Cell Mol Biol (Noisy-le-grand). 2010 Feb 9;56 Suppl:OL1231-8.
To explore the mechanism of oxidative stress induced by glucose and advanced glycation end products (AGEs) in MIN6 cells. The MIN6 cells were exposed to various concentrations of glucose or AGEs for some time, MTT assay was used to evaluate the cell viability, reactive oxygen species (ROS) was monitored using intracellular ROS capture Dihydroethidium (DHE) and dihydrorhodamine123 (DHR123). The signal was quantified using flow cytometry by measuring the mean fluorescent intensity (MFI). The NADPH oxidase activity was measured by chemiluminescence with lucigenin. Treatment of high glucose or AGEs decreased cell viability in a dose- and time- dependent fashion. Exposure of MIN6 cells to high glucose or AGEs significantly increased intracellular ROS production in a concentration- and time- dependent manner. In parallel with the results of ROS production, the NADPH oxidase in MIN6 cells was activated due to increased glucose or AGEs concentration. High glucose and AGEs stimulated ROS production via the activation of NADPH oxidase. The oxidative stress may consequently impair pancreatic beta-cell function and contribute to diabetes mellitus as a result.

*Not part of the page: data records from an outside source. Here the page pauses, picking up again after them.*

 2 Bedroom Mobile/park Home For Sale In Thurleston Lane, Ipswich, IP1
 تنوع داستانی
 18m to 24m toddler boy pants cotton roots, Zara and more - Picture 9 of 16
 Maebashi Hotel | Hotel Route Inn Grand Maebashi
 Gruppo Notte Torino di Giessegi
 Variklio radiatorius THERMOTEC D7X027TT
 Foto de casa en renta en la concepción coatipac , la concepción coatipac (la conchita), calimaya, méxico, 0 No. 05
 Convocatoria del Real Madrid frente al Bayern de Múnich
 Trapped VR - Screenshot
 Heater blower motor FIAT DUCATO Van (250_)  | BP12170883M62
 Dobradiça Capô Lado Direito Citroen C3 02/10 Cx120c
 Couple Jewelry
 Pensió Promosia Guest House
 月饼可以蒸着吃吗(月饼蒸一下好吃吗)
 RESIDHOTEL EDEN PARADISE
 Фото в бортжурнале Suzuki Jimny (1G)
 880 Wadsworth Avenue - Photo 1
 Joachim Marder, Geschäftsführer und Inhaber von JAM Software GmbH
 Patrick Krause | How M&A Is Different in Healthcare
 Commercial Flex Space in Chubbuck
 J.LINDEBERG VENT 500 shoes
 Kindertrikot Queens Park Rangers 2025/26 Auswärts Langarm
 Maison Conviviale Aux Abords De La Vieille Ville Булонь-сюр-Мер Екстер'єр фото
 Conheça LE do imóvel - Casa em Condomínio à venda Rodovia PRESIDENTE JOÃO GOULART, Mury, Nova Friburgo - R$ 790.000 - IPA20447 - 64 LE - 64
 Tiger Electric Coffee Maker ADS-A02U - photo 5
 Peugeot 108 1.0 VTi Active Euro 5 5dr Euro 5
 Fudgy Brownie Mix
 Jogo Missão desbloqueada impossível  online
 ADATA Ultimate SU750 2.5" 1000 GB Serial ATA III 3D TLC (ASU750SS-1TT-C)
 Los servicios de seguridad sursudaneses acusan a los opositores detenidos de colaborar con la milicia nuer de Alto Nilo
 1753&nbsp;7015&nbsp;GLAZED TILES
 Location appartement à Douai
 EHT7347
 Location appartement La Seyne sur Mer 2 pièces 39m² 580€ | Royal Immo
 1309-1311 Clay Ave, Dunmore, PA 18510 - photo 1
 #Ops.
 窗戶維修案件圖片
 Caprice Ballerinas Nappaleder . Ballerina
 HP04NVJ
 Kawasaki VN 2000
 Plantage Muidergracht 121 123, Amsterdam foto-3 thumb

探讨葡萄糖和晚期糖基化终产物(AGEs)诱导MIN6细胞氧化应激的机制。将MIN6细胞暴露于不同浓度的葡萄糖或AGEs一段时间,采用MTT法评估细胞活力,使用细胞内活性氧捕获剂二氢乙锭(DHE)和二氢罗丹明123(DHR123)监测活性氧(ROS)。通过测量平均荧光强度(MFI),使用流式细胞术对信号进行定量。用光泽精通过化学发光法测量NADPH氧化酶活性。高糖或AGEs处理以剂量和时间依赖性方式降低细胞活力。将MIN6细胞暴露于高糖或AGEs会以浓度和时间依赖性方式显著增加细胞内ROS的产生。与ROS产生的结果一致,由于葡萄糖或AGEs浓度增加,MIN6细胞中的NADPH氧化酶被激活。高糖和AGEs通过激活NADPH氧化酶刺激ROS产生。氧化应激可能因此损害胰腺β细胞功能,并导致糖尿病。